### Work instruction
For the material below, output exactly the span from the line with "Bubblzz Moisturizing Body" to the line with "Funny Scoliosis Strong, Scoliosis", including both, and nothing besides.

_ _ _ _

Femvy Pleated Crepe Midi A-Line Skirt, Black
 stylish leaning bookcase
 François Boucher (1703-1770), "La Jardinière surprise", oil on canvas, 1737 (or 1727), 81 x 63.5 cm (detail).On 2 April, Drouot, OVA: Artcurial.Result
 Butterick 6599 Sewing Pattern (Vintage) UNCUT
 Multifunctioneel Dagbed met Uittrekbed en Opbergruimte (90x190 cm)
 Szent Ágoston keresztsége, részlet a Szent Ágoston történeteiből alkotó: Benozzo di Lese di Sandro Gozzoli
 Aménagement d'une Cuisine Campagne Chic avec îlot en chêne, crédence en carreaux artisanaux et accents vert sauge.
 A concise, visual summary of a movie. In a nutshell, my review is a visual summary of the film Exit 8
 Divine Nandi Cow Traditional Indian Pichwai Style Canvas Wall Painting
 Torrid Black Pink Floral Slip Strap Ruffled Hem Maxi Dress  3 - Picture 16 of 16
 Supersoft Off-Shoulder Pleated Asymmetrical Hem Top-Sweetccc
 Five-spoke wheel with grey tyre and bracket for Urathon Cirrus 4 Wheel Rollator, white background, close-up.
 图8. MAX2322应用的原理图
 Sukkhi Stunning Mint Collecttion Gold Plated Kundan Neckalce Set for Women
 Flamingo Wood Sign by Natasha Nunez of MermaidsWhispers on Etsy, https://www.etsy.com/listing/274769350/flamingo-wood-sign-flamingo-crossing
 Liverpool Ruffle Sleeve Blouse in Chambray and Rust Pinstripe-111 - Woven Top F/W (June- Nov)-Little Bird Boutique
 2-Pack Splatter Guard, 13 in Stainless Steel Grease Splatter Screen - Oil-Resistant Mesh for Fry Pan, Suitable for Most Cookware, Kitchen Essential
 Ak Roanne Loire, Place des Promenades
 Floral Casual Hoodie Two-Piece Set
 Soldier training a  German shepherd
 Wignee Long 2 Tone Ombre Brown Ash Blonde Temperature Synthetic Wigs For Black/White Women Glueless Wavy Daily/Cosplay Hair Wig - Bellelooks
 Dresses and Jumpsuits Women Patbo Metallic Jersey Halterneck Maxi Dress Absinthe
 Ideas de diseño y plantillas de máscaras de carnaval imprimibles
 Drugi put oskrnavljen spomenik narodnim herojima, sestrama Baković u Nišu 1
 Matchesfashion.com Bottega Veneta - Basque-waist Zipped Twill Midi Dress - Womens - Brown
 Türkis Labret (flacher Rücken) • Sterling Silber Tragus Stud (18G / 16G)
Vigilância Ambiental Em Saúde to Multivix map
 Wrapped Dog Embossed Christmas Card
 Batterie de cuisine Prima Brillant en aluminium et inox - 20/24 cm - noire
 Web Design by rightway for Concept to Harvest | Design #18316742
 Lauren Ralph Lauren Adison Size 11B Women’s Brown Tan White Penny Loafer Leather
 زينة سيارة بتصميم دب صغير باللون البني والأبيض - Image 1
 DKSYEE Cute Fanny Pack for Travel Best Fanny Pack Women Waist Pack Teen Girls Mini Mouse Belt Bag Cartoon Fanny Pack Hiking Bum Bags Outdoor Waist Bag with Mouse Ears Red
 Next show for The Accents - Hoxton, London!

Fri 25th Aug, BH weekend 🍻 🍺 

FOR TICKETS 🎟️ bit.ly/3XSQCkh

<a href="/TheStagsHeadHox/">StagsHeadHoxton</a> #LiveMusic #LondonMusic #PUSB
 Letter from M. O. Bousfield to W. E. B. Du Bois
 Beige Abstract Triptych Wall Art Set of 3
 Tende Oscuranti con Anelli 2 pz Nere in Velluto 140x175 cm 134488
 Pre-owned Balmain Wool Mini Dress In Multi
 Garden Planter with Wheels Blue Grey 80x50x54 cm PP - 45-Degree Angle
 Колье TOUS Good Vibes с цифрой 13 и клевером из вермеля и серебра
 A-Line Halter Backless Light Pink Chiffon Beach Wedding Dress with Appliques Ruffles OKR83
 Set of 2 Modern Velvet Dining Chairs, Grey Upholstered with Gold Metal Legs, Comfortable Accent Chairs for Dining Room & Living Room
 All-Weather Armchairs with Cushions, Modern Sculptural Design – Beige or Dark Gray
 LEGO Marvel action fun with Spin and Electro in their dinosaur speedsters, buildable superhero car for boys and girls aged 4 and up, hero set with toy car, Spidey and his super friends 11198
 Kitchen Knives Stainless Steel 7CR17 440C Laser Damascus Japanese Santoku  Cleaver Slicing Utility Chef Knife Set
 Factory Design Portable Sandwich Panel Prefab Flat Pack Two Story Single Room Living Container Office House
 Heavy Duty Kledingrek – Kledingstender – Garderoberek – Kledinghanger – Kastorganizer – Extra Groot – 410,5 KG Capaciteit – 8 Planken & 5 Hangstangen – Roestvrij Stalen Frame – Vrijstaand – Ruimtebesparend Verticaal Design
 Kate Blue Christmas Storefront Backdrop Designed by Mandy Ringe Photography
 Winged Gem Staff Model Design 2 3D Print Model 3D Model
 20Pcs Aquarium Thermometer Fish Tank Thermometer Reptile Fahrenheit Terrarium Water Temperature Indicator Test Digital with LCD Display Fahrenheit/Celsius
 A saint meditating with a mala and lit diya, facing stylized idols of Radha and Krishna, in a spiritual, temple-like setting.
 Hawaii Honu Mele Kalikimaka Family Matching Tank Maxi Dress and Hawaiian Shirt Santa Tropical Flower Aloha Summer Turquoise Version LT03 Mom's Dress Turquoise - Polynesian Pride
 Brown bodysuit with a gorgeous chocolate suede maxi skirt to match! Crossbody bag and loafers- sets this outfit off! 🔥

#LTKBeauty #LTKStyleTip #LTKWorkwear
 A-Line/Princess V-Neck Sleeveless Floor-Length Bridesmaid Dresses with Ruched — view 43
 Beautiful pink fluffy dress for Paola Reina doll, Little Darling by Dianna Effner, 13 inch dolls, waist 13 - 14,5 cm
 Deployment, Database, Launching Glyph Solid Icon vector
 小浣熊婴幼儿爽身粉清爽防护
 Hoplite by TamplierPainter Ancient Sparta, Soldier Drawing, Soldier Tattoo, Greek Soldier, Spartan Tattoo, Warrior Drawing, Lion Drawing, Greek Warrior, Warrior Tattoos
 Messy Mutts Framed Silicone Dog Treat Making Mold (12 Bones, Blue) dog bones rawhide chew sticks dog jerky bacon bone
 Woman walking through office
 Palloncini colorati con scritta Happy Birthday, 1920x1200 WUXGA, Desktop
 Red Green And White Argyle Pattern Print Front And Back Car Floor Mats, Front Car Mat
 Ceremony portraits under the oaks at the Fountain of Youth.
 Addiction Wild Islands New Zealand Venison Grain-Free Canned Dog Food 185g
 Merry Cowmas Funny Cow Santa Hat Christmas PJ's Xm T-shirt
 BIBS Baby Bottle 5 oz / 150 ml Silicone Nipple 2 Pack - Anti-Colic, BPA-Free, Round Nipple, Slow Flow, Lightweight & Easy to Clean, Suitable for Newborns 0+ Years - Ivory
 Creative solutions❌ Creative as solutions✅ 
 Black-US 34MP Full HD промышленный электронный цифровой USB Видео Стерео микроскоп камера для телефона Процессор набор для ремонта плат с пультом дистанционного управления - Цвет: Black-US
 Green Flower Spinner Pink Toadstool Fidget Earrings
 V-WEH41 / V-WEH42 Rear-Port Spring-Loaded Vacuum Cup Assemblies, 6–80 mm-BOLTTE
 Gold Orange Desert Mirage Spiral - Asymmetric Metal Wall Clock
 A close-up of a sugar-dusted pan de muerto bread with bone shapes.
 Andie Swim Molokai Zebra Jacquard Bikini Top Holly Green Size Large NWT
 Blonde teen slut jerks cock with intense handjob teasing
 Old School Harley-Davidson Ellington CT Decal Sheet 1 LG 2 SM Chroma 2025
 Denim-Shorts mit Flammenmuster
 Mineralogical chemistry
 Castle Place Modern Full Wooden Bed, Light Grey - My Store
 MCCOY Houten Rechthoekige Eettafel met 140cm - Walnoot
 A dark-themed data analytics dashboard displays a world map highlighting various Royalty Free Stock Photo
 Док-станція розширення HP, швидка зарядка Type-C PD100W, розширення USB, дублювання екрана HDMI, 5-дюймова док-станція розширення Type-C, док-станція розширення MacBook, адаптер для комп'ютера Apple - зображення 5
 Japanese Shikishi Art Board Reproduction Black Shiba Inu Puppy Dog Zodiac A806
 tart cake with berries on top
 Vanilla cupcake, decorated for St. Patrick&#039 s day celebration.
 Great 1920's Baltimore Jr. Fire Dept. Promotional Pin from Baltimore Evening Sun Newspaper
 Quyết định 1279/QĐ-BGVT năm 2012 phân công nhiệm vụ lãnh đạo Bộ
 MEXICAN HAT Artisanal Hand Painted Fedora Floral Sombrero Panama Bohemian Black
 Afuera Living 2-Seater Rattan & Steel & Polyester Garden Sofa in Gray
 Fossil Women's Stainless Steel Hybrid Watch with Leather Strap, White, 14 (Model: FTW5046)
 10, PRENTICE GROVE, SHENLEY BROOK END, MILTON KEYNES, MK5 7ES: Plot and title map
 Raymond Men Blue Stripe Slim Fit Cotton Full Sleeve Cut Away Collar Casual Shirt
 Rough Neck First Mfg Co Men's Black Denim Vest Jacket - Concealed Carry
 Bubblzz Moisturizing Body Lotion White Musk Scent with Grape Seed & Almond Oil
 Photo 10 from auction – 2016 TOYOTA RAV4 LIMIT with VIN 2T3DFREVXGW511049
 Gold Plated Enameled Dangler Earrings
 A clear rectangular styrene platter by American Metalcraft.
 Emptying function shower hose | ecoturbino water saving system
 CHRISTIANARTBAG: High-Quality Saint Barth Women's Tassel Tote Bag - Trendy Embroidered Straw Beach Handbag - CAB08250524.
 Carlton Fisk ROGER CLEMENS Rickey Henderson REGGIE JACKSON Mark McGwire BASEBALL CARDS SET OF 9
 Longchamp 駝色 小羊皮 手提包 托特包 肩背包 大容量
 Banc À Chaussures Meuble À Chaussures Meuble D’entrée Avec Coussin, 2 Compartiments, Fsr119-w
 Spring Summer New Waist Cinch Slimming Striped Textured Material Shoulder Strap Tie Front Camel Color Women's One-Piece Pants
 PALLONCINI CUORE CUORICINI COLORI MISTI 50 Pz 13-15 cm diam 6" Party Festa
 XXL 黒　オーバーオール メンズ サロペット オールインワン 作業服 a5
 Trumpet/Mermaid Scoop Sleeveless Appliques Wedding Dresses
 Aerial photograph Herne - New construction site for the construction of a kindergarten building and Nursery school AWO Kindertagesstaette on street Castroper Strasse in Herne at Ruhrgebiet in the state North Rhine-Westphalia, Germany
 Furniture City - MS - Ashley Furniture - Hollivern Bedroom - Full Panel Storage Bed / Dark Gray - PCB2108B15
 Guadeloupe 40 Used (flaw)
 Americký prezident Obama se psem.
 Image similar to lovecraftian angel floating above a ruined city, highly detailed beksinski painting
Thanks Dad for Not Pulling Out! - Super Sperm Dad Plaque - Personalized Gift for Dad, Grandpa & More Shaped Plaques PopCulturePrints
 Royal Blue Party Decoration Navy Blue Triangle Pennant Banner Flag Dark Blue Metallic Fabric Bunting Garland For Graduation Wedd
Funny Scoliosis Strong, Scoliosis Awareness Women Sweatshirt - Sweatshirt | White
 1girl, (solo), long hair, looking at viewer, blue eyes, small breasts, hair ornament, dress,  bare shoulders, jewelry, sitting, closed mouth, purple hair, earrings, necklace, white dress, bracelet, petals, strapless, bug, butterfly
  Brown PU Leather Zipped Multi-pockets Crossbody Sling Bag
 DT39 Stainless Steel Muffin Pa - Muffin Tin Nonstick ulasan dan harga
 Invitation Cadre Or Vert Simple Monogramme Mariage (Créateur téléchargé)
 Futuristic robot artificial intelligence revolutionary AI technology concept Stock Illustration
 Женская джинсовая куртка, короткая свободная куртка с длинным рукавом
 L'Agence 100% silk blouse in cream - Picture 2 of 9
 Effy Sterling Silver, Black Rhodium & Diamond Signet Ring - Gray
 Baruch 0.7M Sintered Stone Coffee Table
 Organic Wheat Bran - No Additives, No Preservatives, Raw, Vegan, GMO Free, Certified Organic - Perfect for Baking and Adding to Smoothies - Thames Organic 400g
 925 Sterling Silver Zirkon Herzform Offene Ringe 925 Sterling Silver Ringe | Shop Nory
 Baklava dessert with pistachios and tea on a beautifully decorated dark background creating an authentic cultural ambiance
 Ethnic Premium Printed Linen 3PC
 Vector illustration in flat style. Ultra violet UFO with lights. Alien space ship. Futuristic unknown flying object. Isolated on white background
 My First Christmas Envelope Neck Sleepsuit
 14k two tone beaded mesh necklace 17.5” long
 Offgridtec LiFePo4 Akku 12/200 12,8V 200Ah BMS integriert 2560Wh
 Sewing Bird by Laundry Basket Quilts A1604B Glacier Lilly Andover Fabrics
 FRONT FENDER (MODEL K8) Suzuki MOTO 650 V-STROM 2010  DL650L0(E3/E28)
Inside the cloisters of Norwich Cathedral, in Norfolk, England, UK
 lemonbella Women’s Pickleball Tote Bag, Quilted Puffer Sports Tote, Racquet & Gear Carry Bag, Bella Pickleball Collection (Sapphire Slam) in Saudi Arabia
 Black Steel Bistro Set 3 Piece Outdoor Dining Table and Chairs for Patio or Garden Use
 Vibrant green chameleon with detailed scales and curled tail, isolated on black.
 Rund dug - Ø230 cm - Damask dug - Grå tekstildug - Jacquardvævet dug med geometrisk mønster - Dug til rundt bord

_ _ _ _

### Task solution
 Bubblzz Moisturizing Body Lotion White Musk Scent with Grape Seed & Almond Oil
 Photo 10 from auction – 2016 TOYOTA RAV4 LIMIT with VIN 2T3DFREVXGW511049
 Gold Plated Enameled Dangler Earrings
 A clear rectangular styrene platter by American Metalcraft.
 Emptying function shower hose | ecoturbino water saving system
 CHRISTIANARTBAG: High-Quality Saint Barth Women's Tassel Tote Bag - Trendy Embroidered Straw Beach Handbag - CAB08250524.
 Carlton Fisk ROGER CLEMENS Rickey Henderson REGGIE JACKSON Mark McGwire BASEBALL CARDS SET OF 9
 Longchamp 駝色 小羊皮 手提包 托特包 肩背包 大容量
 Banc À Chaussures Meuble À Chaussures Meuble D’entrée Avec Coussin, 2 Compartiments, Fsr119-w
 Spring Summer New Waist Cinch Slimming Striped Textured Material Shoulder Strap Tie Front Camel Color Women's One-Piece Pants
 PALLONCINI CUORE CUORICINI COLORI MISTI 50 Pz 13-15 cm diam 6" Party Festa
 XXL 黒　オーバーオール メンズ サロペット オールインワン 作業服 a5
 Trumpet/Mermaid Scoop Sleeveless Appliques Wedding Dresses
 Aerial photograph Herne - New construction site for the construction of a kindergarten building and Nursery school AWO Kindertagesstaette on street Castroper Strasse in Herne at Ruhrgebiet in the state North Rhine-Westphalia, Germany
 Furniture City - MS - Ashley Furniture - Hollivern Bedroom - Full Panel Storage Bed / Dark Gray - PCB2108B15
 Guadeloupe 40 Used (flaw)
 Americký prezident Obama se psem.
 Image similar to lovecraftian angel floating above a ruined city, highly detailed beksinski painting
Thanks Dad for Not Pulling Out! - Super Sperm Dad Plaque - Personalized Gift for Dad, Grandpa & More Shaped Plaques PopCulturePrints
 Royal Blue Party Decoration Navy Blue Triangle Pennant Banner Flag Dark Blue Metallic Fabric Bunting Garland For Graduation Wedd
Funny Scoliosis Strong, Scoliosis Awareness Women Sweatshirt - Sweatshirt | White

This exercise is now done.